In the walking on the water story, Peter takes an even more common male approach: he offers to do something. However, Jesus takes him up on it and he has to step out of the boat.
So, back on the mountain, Peter didn't sit there and think "now then - how ought I to respond to this strange and somewhat unsettling event that is taking place before me?", meditating upon possible approaches and coming to a considered opinion of the most appropriate response to the Transfiguration (pausing briefly to look the word up on the Internet) but instead responded by offering to do something - he responded as a man of action and activity, he responded as himself.
I see a pattern in this that seems to hold true: we believe and then see miracles, not the other way round. We ask in prayer, believing we will be answered, and see the answers - not the other way round (something to bear in mind as we begin the 40 days course). Faith comes first, then the evidence, thereby increasing the faith we started out with. Those who say they are waiting for "proof" won't see it - it's given to those that don't really need it. Proof, if you like, is a reward for faith, not a reason for it.
So we see Jesus, suddenly transfigured in all his godly splendour and, just in case we don't yet understand what's going on, there's the voice from heaven to make it clear.
The voice though, not only confirms that Jesus is God's Son, but issues a command: "Listen to Him" (v.5). This is interesting because that was precisely what the disciples hadn't been doing recently - after Peter's confession of Jesus as the messiah at Caesarea Philippi, Jesus had begun to teach them about His path to glory - the necessity for His death on the cross and, through it, our redemption and salvation. Yet Peter even took Jesus to one side and told Him off. The voice's command to "Listen to Him" gains an additional significance in this context - what Jesus was telling the disciples about His mission wasn't just an idea - it was an essential part of God's plan to redeem His people.
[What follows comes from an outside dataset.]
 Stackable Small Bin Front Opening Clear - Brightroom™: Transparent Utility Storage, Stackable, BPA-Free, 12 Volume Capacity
Equally important is that Jesus was transfigured, not transformed. He was not transformed into God's Son, but already was God's Son: the transfiguration is a revelation, not a transformation. Jesus didn't attain divinity on the mountain: He already had it. Again, without this, God's plan for our redemption and salvation wouldn't work.
During the Transfiguration Jesus meets with Moses and Elijah. Why them? Why not other Old Testament heroes like David or Abraham, Solomon or Ruth? The reason, most commentators agree, is symbolic: Moses represents the Law and Elijah the Prophets. Both were fulfilled by Jesus. Luke even tells us what they talked about: the fulfilment of Jesus' mission to redeem mankind through Jesus' death on the cross (Lk 9 v 31). That alone is interesting when you consider that Moses lived to a very old age and Elijah was spared death and passed straight into Heaven. Both are fates that you would think befitted anyone good or important - let alone God's only Son. Yet such is the love of God for us, that Jesus wasn't allowed either of them: He died in a horrible fashion - because God loves us.
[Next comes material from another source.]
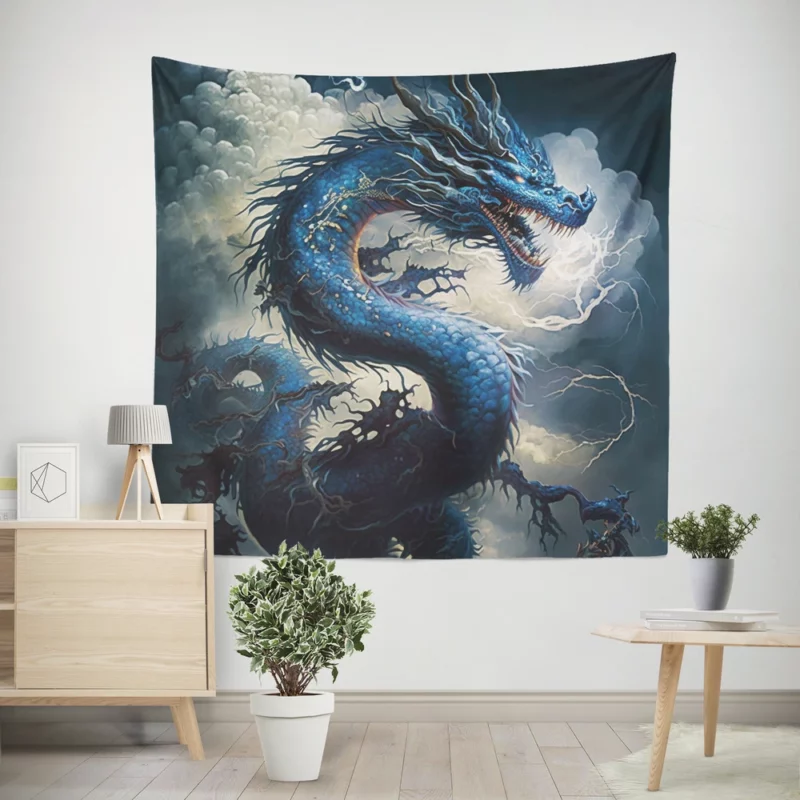 Dragon Breathing Lightning Wall Tapestry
Finally, as Matthew tells us, when Moses & Elijah have gone, the disciples are terrified: yet Jesus comes and touches them, saying "Don't be afraid". When they are afraid of his divinity, His humanity reaches them. God's physical presence on Earth touches them and breaks through their fear: God incarnate come to be with them. Emmanuel - God is with us, as we sing so often at Christmas.
The transfiguration, then, is a point at which Jesus' nature and God's plan for our salvation are clearly revealed: Jesus is divine. Jesus fulfils the Law and the Prophets. Jesus will die in our place, to bring us back to God.